Mr. Roth’s own moral compass seems to go haywire whenever Israel is involved. More reputable scholars of international law, like Orde Kittrie writing in Saturday’s Wall Street Journal, disagree with Human Rights Watch’s conclusions. So do President Bush and a consensus in Congress and among the American public, which have supported Israel’s right to defend itself. Siding with Human Rights Watch in criticizing Israel have been the governments of Iran and Communist China, two of the worst human rights abusers of them all.

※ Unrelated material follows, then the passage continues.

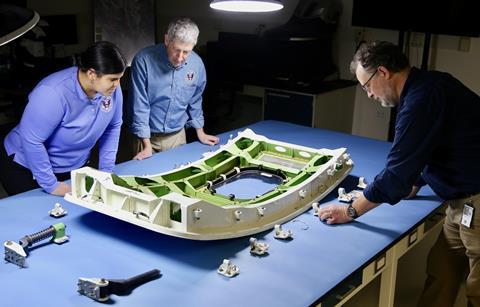 NTSB investigators examine the door plug from Alaska Airlines flight 1282, a Boeing 737-9 MAX.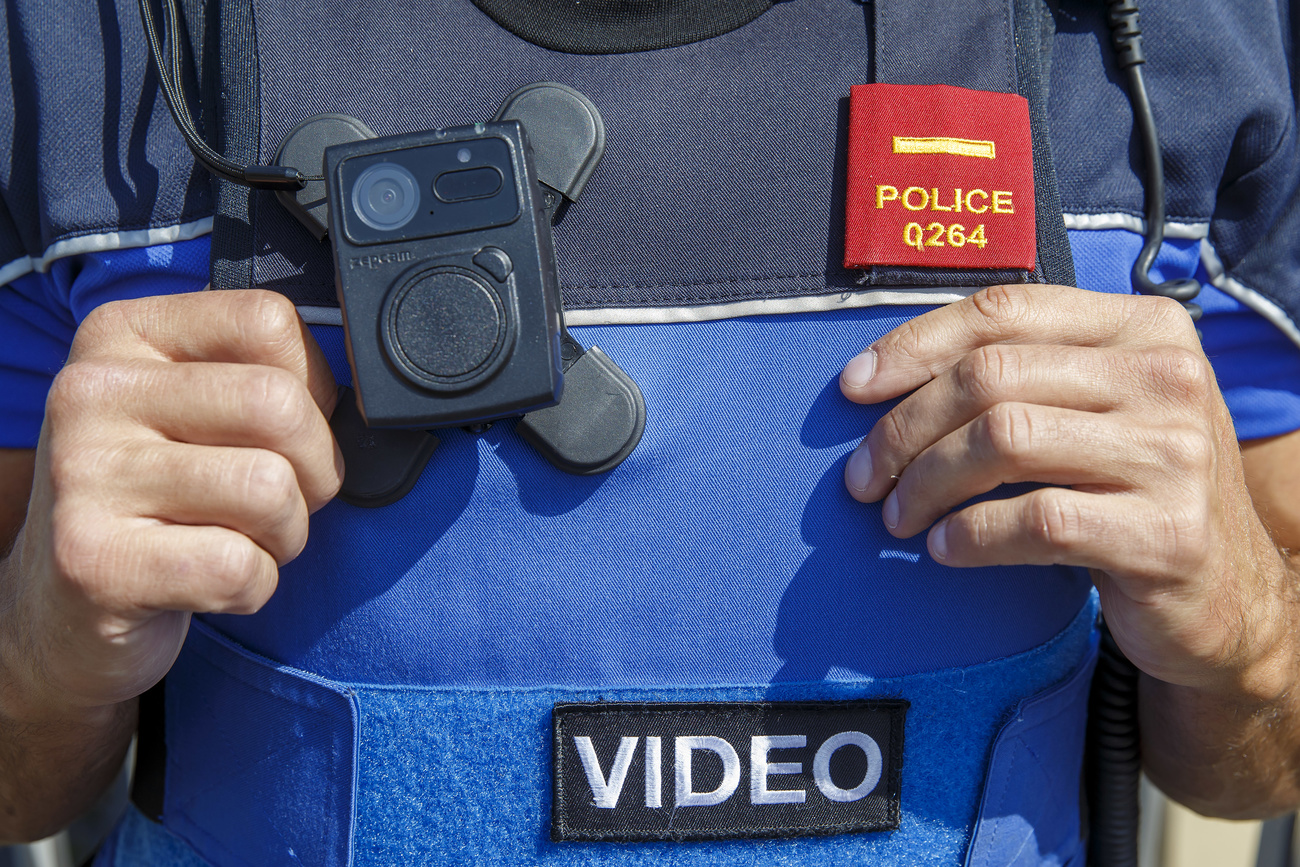 Links im Bild: eine Bodycam, die von einem Polizeibeamten getragen wird.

Mr. Roth may send us another letter, conceding another point or two along the way. Or not. But this is about more than Mr. Roth and his organization. The moral equivalence that has infected him and his organization has, sadly, spread far on much of the left, from the United Nations to the International Red Cross and Amnesty International and the editorialists of the New York Times, who yesterday, stunningly, said any ceasefire they would favor must allow Hezbollah “to claim some sort of victory.” That such confusion has not gained traction among American Jews or, for that matter, on the Christian right in this country is testament to the bond of shared values between America and Israel. Those values have a base in something higher than the false god of international law before whom Kenneth Roth has brought a once-idealistic institution so low.